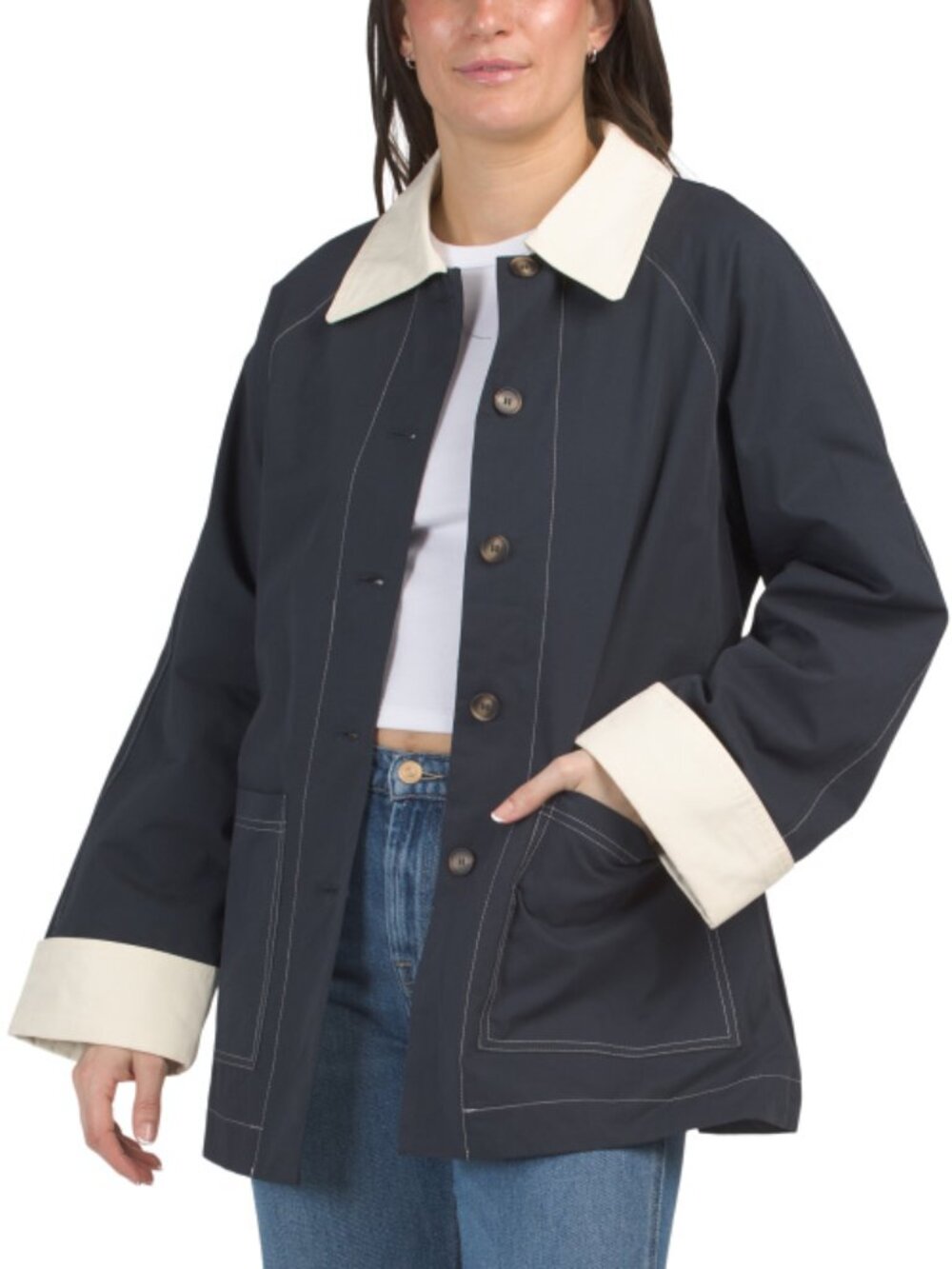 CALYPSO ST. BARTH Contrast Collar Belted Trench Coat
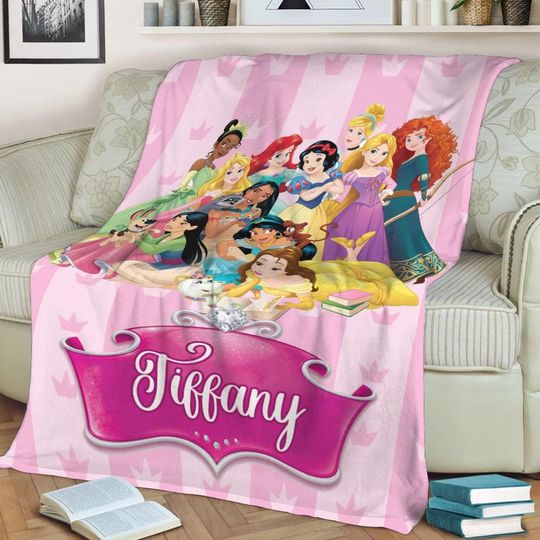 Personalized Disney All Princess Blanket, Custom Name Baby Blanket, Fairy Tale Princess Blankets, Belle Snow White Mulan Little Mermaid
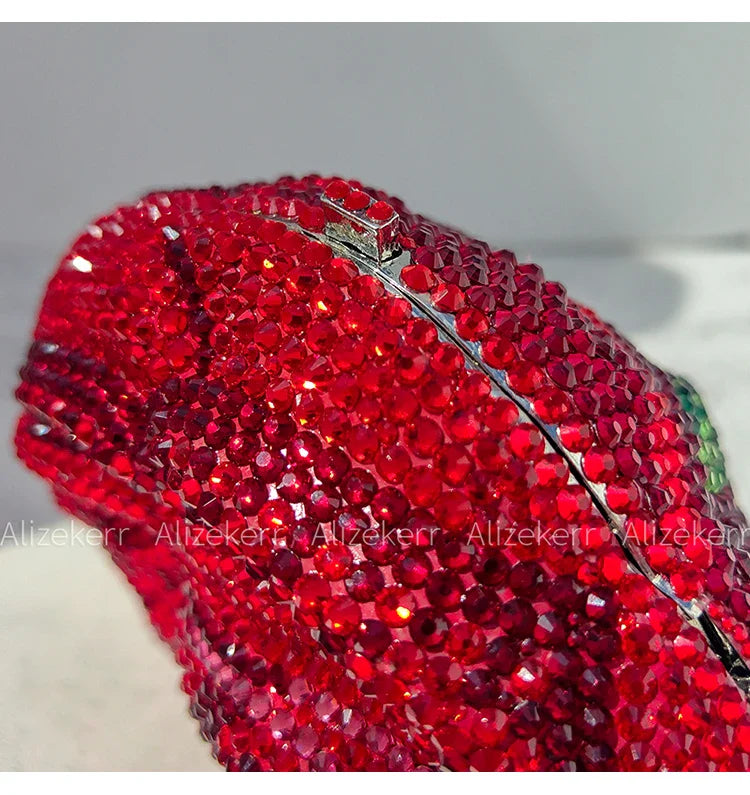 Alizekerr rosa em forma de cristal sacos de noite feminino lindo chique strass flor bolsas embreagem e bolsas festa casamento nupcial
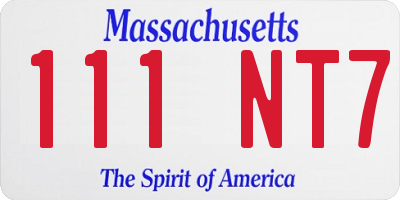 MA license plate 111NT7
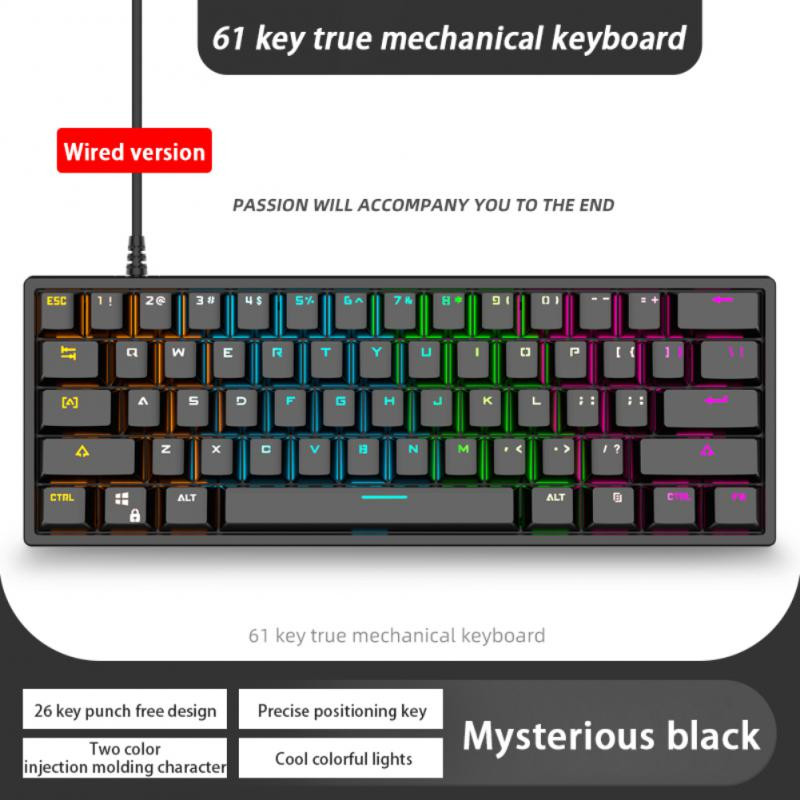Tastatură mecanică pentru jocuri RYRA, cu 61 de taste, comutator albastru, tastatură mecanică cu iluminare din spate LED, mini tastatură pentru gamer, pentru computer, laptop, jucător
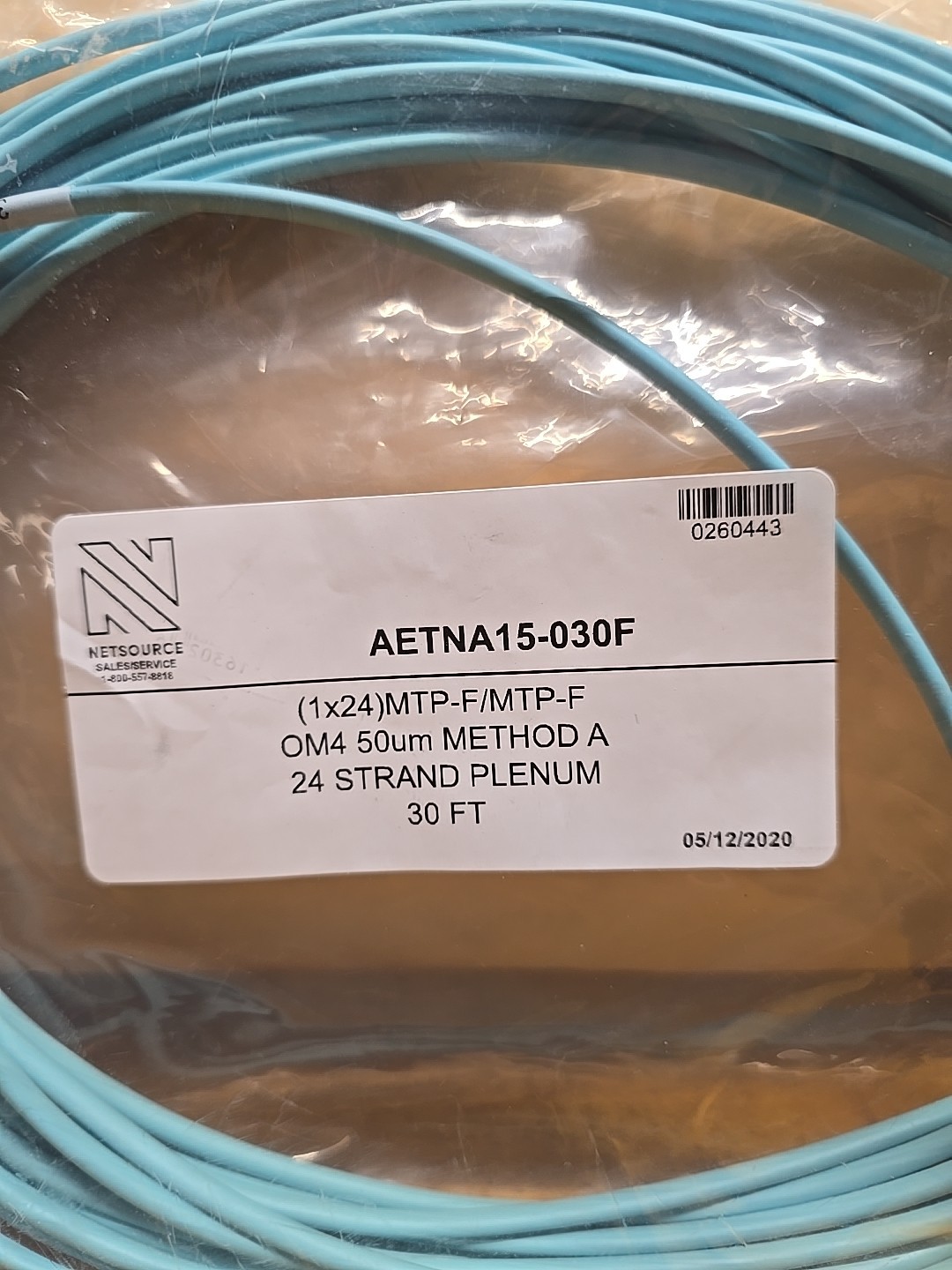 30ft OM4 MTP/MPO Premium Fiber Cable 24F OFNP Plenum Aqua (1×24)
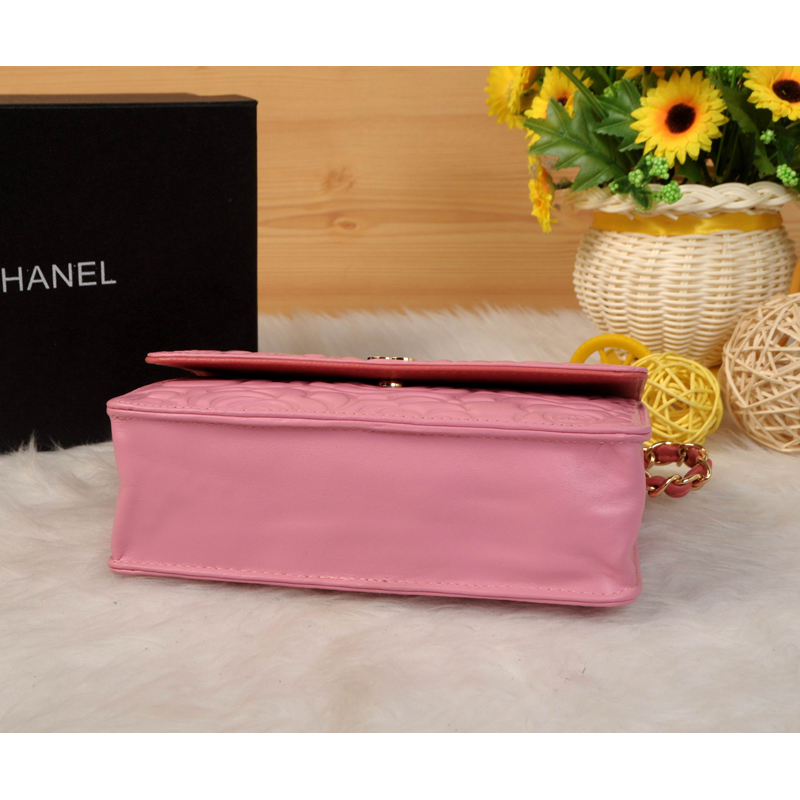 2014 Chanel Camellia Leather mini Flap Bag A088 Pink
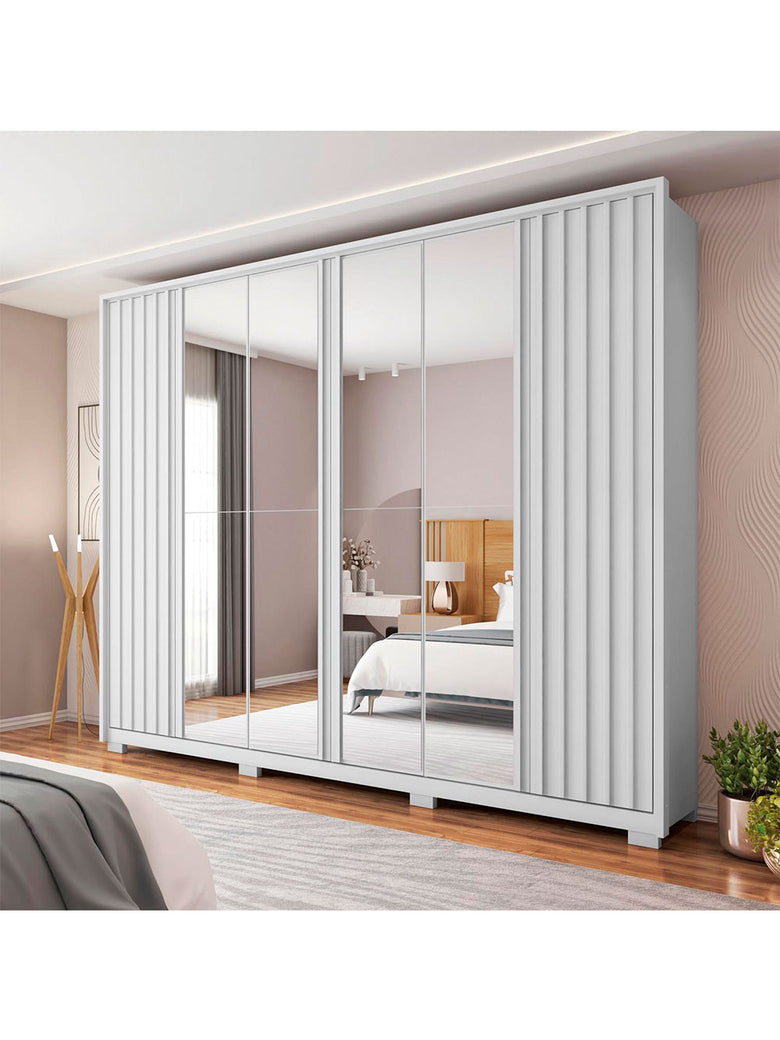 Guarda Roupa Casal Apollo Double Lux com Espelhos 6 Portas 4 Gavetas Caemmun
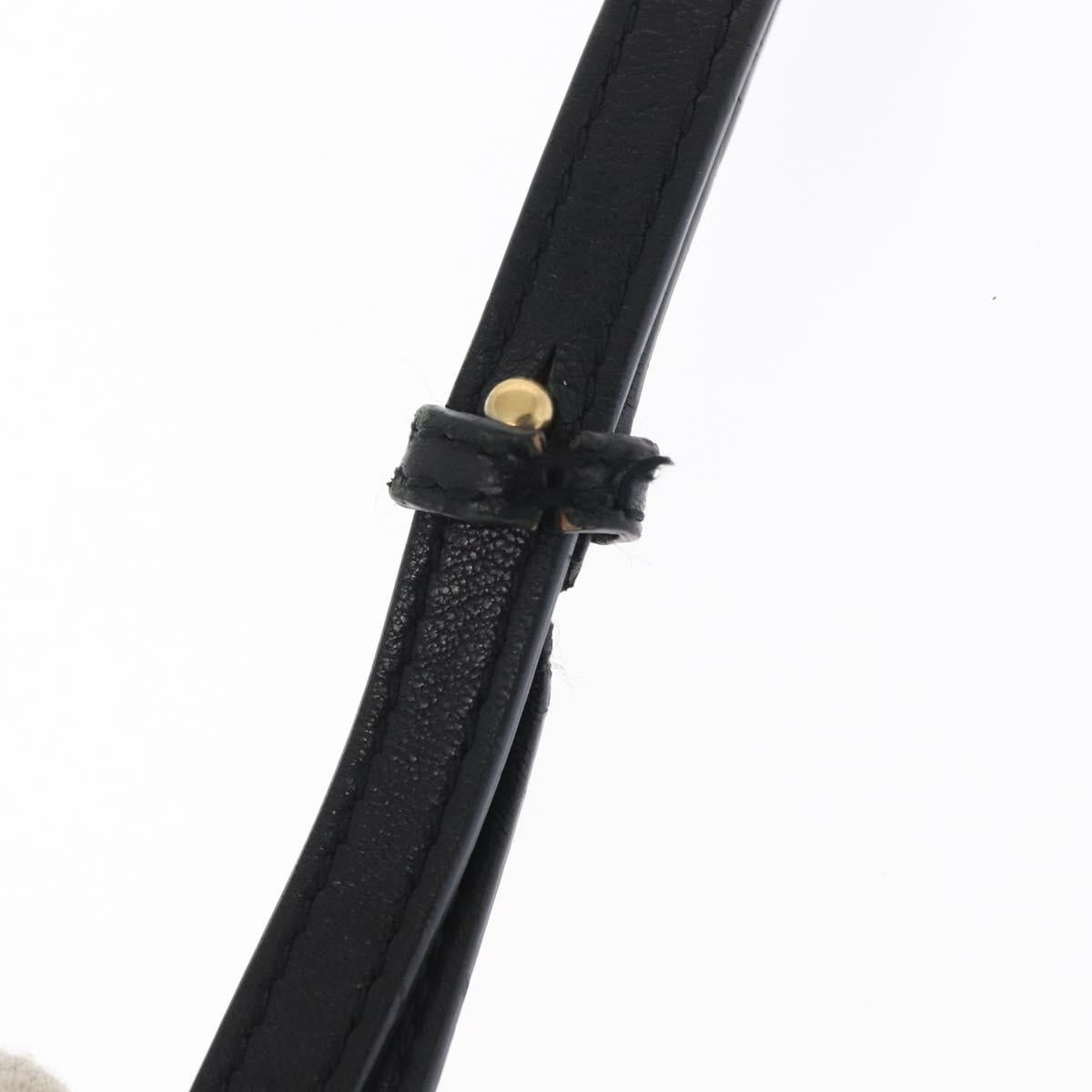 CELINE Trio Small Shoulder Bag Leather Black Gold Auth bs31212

- - - - - - -

● About this task: The response must match the listing exactly, except that pictures are removed.

● Reply:
 CALYPSO ST. BARTH Contrast Collar Belted Trench Coat
 Personalized Disney All Princess Blanket, Custom Name Baby Blanket, Fairy Tale Princess Blankets, Belle Snow White Mulan Little Mermaid
 Alizekerr rosa em forma de cristal sacos de noite feminino lindo chique strass flor bolsas embreagem e bolsas festa casamento nupcial
 MA license plate 111NT7
Tastatură mecanică pentru jocuri RYRA, cu 61 de taste, comutator albastru, tastatură mecanică cu iluminare din spate LED, mini tastatură pentru gamer, pentru computer, laptop, jucător
 30ft OM4 MTP/MPO Premium Fiber Cable 24F OFNP Plenum Aqua (1×24)
 2014 Chanel Camellia Leather mini Flap Bag A088 Pink
 Guarda Roupa Casal Apollo Double Lux com Espelhos 6 Portas 4 Gavetas Caemmun
 CELINE Trio Small Shoulder Bag Leather Black Gold Auth bs31212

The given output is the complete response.